-- DATA TO EXAMINE follows --

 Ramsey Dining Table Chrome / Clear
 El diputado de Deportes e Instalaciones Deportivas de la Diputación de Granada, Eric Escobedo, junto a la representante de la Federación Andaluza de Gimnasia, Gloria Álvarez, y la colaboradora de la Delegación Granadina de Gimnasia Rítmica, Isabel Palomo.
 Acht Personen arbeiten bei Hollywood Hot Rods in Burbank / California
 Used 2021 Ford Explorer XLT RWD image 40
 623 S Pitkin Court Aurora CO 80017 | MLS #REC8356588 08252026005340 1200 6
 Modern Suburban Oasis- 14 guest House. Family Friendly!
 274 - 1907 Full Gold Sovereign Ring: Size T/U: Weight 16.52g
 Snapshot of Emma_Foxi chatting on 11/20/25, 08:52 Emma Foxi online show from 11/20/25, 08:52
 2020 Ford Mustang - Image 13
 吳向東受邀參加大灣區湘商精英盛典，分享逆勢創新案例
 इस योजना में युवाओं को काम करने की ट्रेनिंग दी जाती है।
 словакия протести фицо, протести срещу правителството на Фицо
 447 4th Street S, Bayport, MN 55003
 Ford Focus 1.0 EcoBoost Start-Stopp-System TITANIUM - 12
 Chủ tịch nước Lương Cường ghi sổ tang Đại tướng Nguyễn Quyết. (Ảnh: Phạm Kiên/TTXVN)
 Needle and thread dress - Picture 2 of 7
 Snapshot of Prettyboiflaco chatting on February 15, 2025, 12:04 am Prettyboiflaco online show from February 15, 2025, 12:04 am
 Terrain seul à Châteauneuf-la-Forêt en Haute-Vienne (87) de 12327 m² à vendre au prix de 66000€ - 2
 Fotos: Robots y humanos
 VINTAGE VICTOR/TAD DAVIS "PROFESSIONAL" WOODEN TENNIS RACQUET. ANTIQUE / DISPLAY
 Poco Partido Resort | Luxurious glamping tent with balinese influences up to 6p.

-- DATA TO EXAMINE concluded --

== WHAT YOU SHOULD DO ==
Each record above must be given again exactly.

== RESULT OF THIS TASK ==
 Ramsey Dining Table Chrome / Clear
 El diputado de Deportes e Instalaciones Deportivas de la Diputación de Granada, Eric Escobedo, junto a la representante de la Federación Andaluza de Gimnasia, Gloria Álvarez, y la colaboradora de la Delegación Granadina de Gimnasia Rítmica, Isabel Palomo.
 Acht Personen arbeiten bei Hollywood Hot Rods in Burbank / California
 Used 2021 Ford Explorer XLT RWD image 40
 623 S Pitkin Court Aurora CO 80017 | MLS #REC8356588 08252026005340 1200 6
 Modern Suburban Oasis- 14 guest House. Family Friendly!
 274 - 1907 Full Gold Sovereign Ring: Size T/U: Weight 16.52g
 Snapshot of Emma_Foxi chatting on 11/20/25, 08:52 Emma Foxi online show from 11/20/25, 08:52
 2020 Ford Mustang - Image 13
 吳向東受邀參加大灣區湘商精英盛典，分享逆勢創新案例
 इस योजना में युवाओं को काम करने की ट्रेनिंग दी जाती है।
 словакия протести фицо, протести срещу правителството на Фицо
 447 4th Street S, Bayport, MN 55003
 Ford Focus 1.0 EcoBoost Start-Stopp-System TITANIUM - 12
 Chủ tịch nước Lương Cường ghi sổ tang Đại tướng Nguyễn Quyết. (Ảnh: Phạm Kiên/TTXVN)
 Needle and thread dress - Picture 2 of 7
 Snapshot of Prettyboiflaco chatting on February 15, 2025, 12:04 am Prettyboiflaco online show from February 15, 2025, 12:04 am
 Terrain seul à Châteauneuf-la-Forêt en Haute-Vienne (87) de 12327 m² à vendre au prix de 66000€ - 2
 Fotos: Robots y humanos
 VINTAGE VICTOR/TAD DAVIS "PROFESSIONAL" WOODEN TENNIS RACQUET. ANTIQUE / DISPLAY
 Poco Partido Resort | Luxurious glamping tent with balinese influences up to 6p.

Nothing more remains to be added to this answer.